*WHAT YOU HAVE TO DO*.
Reproduce word for word the line that contains "Happy Thanksgiving Golden" and every line after it to the end of the records, with nothing else added.

Items from a dataset

——

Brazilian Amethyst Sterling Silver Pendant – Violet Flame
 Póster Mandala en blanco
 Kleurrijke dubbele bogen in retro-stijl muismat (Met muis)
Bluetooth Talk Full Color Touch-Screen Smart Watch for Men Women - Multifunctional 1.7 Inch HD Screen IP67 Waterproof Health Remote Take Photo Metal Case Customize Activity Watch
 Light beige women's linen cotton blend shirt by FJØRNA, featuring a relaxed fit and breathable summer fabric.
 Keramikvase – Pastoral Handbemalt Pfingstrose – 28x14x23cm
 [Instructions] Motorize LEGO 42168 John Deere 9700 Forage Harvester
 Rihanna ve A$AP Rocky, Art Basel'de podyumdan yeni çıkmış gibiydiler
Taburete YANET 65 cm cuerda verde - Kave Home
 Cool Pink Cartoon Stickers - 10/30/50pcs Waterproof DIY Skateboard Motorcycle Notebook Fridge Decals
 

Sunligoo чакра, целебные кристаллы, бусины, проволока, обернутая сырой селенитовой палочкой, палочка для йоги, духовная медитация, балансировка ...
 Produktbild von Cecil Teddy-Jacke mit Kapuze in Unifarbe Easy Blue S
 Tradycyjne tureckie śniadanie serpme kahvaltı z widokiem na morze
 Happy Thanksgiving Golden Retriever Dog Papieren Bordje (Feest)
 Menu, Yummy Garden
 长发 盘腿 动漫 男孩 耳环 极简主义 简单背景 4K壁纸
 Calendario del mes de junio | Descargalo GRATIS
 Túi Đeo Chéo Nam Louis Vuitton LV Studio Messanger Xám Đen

——

*OUTPUT FOR THIS TASK*.
 Happy Thanksgiving Golden Retriever Dog Papieren Bordje (Feest)
 Menu, Yummy Garden
 长发 盘腿 动漫 男孩 耳环 极简主义 简单背景 4K壁纸
 Calendario del mes de junio | Descargalo GRATIS
 Túi Đeo Chéo Nam Louis Vuitton LV Studio Messanger Xám Đen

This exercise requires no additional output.